A visit to the Circuit Breaker Sales (CBS) warehouse in Gainesville quickly dispels the myths about surplus dealers. Here, at least, is a warehouse as organized, conspicuously clean, well-lit and well operated as you’ll find in the best traditional distributors. But instead of aisles of cardboard boxes and conduit racks and wire spools you see an astonishing collection of large circuit breakers and switchgear and their component parts — every brand ever made in the United States, almost every configuration, going back to World War II.
Since he merged his company Astro Power Systems (now Astro Controls) with CBS 18 years ago, Schofield has moved to make CBS as professional as possible — certifications under ISO 9000 and ISO 14000, founding membership in the Professional Electrical Apparatus Recyclers League (PEARL), board seat on the Remanufacturing Industries Council (RIC), active participation in the interNational Electrical Testing Association (NETA), National Electrical Manufacturers Association (NEMA), pretty much any industry group that will have him — and to advance the cause of making safe, tested, reliable legacy equipment accepted in the electrical industry.
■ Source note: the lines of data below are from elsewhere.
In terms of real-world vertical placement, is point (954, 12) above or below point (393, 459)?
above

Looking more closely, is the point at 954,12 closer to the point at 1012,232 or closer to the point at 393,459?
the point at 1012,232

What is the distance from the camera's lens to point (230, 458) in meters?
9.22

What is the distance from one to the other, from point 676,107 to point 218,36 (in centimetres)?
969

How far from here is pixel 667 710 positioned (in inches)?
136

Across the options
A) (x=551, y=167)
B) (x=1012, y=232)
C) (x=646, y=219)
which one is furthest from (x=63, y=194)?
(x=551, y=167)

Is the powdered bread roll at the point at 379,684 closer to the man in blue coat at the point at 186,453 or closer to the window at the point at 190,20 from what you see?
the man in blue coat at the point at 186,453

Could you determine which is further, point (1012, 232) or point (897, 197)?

“If you were to ask the entire industry about CBS, they’d say, ‘goddamn their stuff’s expensive,’ but nobody would badmouth the stuff. They would say they didn’t like the price, or they didn’t like dealing with me, but they would never ever complain about the product that leaves here, and that’s our greatest salvation,” Schofield says.
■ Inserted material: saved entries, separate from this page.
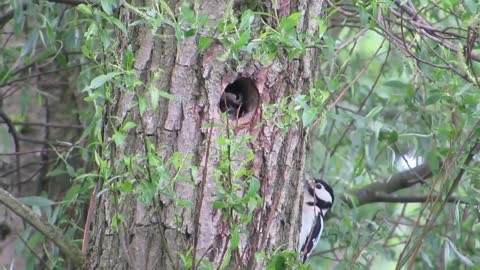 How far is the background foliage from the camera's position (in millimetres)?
2293

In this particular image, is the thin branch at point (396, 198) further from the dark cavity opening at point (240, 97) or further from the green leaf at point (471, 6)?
the dark cavity opening at point (240, 97)

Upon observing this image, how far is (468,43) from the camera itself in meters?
2.58

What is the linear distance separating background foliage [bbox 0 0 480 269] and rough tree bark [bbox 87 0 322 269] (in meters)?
0.05

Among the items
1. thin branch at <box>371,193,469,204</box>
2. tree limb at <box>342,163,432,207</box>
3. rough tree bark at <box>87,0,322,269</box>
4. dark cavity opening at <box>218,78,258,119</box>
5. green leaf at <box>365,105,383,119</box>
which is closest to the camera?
rough tree bark at <box>87,0,322,269</box>

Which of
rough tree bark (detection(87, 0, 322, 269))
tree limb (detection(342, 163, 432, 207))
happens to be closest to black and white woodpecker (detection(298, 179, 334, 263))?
tree limb (detection(342, 163, 432, 207))

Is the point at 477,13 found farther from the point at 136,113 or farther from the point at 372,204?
the point at 372,204

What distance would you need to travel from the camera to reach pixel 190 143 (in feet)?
8.24

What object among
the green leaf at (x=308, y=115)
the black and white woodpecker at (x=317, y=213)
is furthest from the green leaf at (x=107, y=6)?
the black and white woodpecker at (x=317, y=213)

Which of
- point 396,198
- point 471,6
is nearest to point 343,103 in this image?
point 396,198

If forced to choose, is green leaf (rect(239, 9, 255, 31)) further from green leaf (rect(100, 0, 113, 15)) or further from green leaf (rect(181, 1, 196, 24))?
green leaf (rect(100, 0, 113, 15))

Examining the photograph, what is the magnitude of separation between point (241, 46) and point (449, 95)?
0.90m

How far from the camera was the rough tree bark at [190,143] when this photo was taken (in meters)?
2.47

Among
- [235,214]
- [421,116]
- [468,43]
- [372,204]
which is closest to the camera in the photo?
[235,214]

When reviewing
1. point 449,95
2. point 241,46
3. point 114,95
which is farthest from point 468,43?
point 114,95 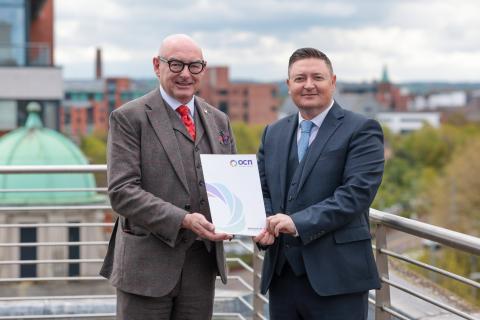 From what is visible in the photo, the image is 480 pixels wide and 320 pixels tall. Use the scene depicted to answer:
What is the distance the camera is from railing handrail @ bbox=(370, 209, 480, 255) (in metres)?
3.32

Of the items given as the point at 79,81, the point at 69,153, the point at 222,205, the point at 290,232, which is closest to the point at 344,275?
the point at 290,232

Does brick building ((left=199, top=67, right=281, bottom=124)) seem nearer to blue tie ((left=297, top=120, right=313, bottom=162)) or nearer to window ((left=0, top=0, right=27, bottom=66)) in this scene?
window ((left=0, top=0, right=27, bottom=66))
Just off the aisles of the warehouse you see a mix of work stations and machinery where people are disassembling, cleaning, testing and reassembling air frame breakers, vacuum breakers, oil breakers, switchgear and other equipment Schofield and his team have recently purchased. Old names abound — Allis Chalmers, Federal Pacific, ITE — along with all the current brands.
Schofield’s work with the RIC, which is dominated by automotive parts remanufacturing businesses but includes remanufacturers from a huge variety of markets, changed his thinking on the distinctions often hazily drawn between remanufacturing, reconditioning and refurbishing. “I learned that remanufacturing is actually setting the odometer back to zero. It’s not just guaranteeing another 10,000 miles,” he said.
The question naturally arises, who the heck needs all this ancient gear? A list of some facilities that have installed products sold by CBS may clarify things a bit: The White House. The Statue of Liberty. The Library of Congress. Embassies of all kinds. Cape Canaveral. Los Alamos National Laboratory. Gold mines. Power plants. Most of all, production plants built decades ago by America’s great manufacturing companies in automotive, consumer goods, food processing and so on.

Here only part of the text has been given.